**Instructions to follow:**
Go through the data below and return each line where the string "LEGO" appears.

**Provided records:**
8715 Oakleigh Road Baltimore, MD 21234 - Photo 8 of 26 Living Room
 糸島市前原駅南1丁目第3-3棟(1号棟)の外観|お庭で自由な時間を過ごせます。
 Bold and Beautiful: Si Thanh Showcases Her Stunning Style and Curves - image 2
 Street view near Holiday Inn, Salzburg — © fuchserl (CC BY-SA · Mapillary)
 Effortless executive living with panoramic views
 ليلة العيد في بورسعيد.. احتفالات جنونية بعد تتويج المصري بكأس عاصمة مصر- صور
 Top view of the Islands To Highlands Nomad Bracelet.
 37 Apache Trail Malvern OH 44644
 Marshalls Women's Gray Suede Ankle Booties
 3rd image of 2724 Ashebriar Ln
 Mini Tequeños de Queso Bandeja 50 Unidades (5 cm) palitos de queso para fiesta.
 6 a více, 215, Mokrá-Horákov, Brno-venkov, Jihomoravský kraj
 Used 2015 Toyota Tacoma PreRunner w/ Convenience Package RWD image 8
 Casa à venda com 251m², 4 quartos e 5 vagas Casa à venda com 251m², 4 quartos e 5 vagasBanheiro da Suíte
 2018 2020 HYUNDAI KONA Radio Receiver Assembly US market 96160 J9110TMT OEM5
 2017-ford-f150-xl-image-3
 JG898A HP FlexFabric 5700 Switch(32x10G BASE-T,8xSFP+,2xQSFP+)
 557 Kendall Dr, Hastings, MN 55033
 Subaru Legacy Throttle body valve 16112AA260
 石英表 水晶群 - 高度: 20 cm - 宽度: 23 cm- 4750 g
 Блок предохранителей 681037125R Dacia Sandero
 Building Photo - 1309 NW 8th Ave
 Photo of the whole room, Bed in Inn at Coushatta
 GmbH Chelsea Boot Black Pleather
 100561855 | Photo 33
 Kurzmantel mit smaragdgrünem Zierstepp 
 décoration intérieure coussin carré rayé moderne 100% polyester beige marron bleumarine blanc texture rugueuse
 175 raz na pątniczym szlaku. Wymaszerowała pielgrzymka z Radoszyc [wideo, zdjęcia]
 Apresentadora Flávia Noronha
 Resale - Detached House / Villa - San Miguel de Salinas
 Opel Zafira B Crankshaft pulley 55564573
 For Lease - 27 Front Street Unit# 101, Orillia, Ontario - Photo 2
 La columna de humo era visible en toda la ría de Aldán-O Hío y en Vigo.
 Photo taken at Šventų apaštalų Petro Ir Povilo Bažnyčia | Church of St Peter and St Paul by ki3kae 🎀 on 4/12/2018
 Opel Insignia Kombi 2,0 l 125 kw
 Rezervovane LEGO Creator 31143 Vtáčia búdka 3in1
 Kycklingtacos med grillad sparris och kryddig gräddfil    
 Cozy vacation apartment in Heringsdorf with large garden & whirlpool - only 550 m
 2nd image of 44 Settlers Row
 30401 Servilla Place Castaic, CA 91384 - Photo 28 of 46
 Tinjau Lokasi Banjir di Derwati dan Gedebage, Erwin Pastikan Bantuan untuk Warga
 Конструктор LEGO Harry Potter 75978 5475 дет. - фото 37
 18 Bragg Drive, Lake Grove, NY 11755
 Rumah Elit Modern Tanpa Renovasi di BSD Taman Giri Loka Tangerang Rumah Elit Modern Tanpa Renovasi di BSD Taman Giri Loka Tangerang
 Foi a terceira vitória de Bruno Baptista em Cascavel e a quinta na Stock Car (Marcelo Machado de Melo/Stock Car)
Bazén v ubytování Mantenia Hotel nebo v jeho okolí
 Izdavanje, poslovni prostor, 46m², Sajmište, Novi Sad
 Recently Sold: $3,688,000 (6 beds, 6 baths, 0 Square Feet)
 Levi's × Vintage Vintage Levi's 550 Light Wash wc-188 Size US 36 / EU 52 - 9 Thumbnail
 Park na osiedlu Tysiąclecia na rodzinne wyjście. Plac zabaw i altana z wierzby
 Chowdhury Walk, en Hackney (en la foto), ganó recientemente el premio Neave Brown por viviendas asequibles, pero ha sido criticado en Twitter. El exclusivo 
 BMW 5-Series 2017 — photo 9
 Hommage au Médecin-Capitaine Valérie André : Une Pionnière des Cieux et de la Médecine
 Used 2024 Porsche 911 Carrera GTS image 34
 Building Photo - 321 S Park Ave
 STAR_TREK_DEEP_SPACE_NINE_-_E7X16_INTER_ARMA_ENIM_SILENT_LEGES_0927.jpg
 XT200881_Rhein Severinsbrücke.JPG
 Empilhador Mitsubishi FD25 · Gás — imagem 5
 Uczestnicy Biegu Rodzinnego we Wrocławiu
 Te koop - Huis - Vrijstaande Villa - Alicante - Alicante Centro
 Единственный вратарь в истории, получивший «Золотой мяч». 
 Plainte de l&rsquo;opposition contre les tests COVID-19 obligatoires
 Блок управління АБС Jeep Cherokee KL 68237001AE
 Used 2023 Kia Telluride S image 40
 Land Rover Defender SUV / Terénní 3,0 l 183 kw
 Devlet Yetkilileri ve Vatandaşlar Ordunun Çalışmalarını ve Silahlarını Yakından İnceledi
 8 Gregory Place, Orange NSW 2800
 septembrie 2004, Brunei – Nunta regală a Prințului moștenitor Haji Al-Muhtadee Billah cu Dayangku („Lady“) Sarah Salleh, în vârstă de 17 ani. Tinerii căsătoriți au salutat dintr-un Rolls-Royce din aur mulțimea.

**Solution:**
 Rezervovane LEGO Creator 31143 Vtáčia búdka 3in1
 Конструктор LEGO Harry Potter 75978 5475 дет. - фото 37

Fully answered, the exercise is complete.